When, exactly, were the “good old days”?

Matthew SmithHead of Data Journalism
June 05, 2019, 11:00 PM GMT+0

How many decades back do you have to go before people no longer believe things were better then?

A common topic for polling is whether life was better at a certain point in the past: the 50s, the 60s, the 70s... These surveys invariably find that many believe in the concept of “the good old days”.

Normally, these surveys compare today with only one other point in time. This led us to question: how far back do you have to go before people stop believing the past was better than the present?

Our data reveals that between 31% and 41% of Britons believe that life was better in every past decade from the 2000s all the way back to the 60s than it is now.

This figure then drops to just 16% for the 1950s, and again to only 4% for the 1940s. It then remains at about this level for all older decades, as well as the 19th, 18th and 17th centuries.

The 1990s is the period in time Britons are most nostalgic for. Fully 41% of people believe the nineties to have been better than today – by contrast, only about half as many people (23%) think we have it equally as good now, with a similar proportion (21%) thinking that the current day is better.

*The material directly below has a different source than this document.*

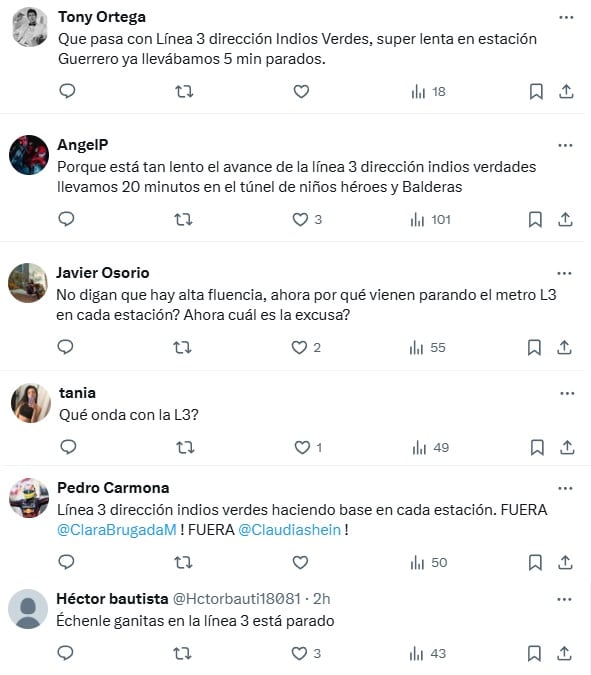 Usuarios reportan retrasos en la Línea 3 del Metro CDMX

One in three (35%) think that the 2000s were better than today. An identical proportion believe things were as good in the last decade as they are now – only 16% say 2019 is better than the noughties.

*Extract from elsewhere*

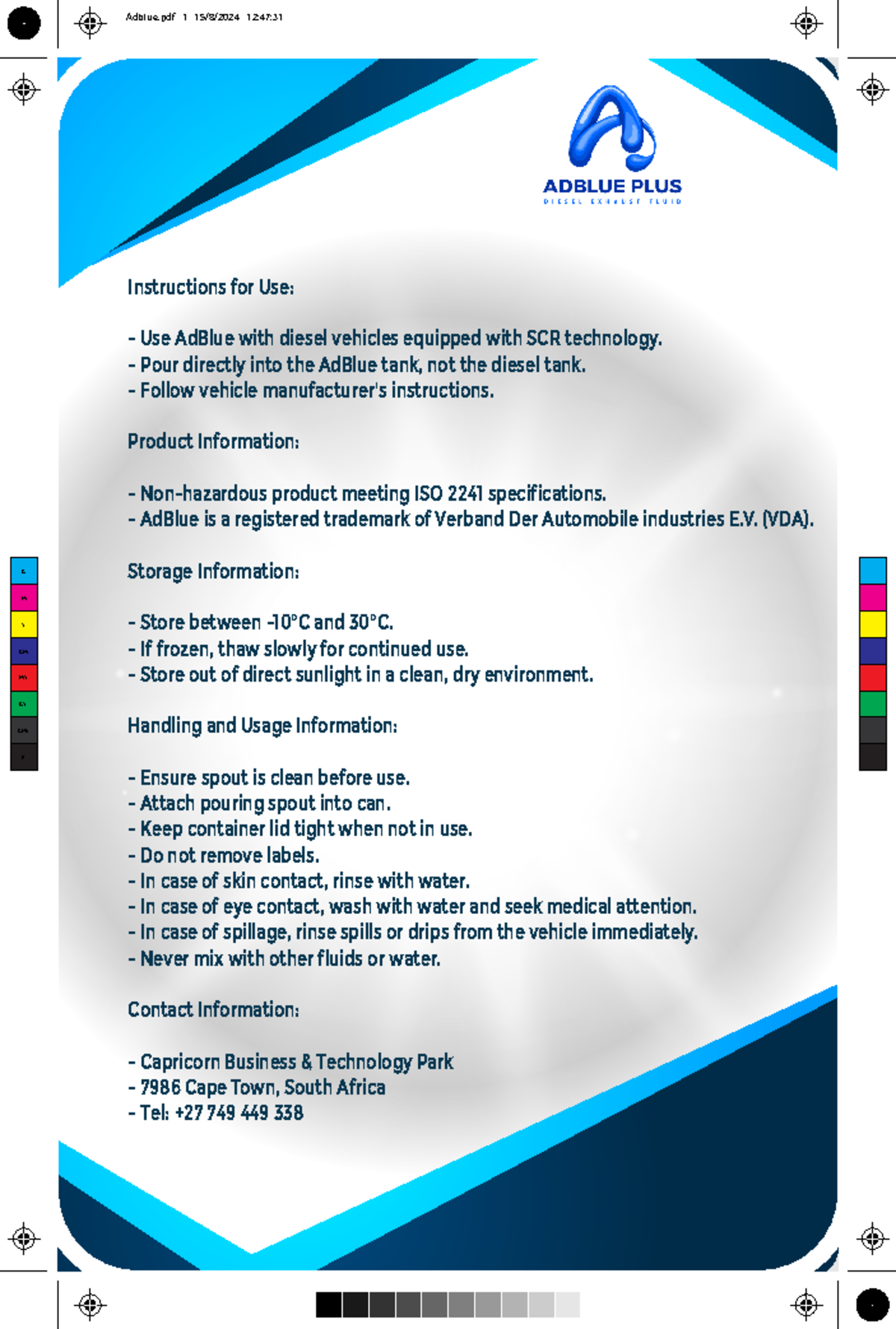 Adblue - 20L Instructions for Use: Use AdBlue with diesel vehicles ...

Britons are split on the sixties and seventies, though. While around a third (31% to 32%) believe life to have been better back in those days, they are matched by the 32% to 33% who think life is better now. A further 7% to 10% think the 1960s and 1970s are about as good as the current day.

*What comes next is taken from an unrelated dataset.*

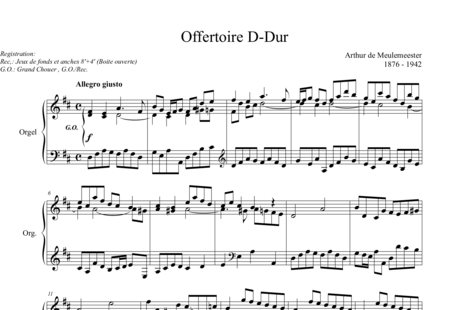 de Meulemeester, Arthur: Offertoire D-Dur - Orgel:0
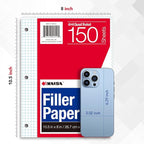 KAISA Graph Paper Filler Paper, 8"x10.5" 4x4 Graph/Quad Rule Filler Paper 3-Hole Punched 1/4inch Grid Paper Loose-Leaf Paper for 3-Ring Binders,150sheet/pack, 3pack F15001Q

People tend to think life was better when they were young

Unsurprisingly, different generations have different preferences, with the common theme being that they are most likely to think things were better when they were young.

A majority of people in their thirties (57%), as well as 51% of those in their forties, harken back to the 1990s – a time when they themselves would have been in childhood to their twenties – saying that the final decade of the twentieth century was better than the current era. By contrast, only 35% of Brits aged under 30 say the same – as do 29% of those aged 60.

Instead, almost half of Brits aged 60 and above (48%) think that the 1960s were better than today (a time when 60 to 80 year olds would have been in their childhood to twenties) with a similar number saying the same of the 1970s.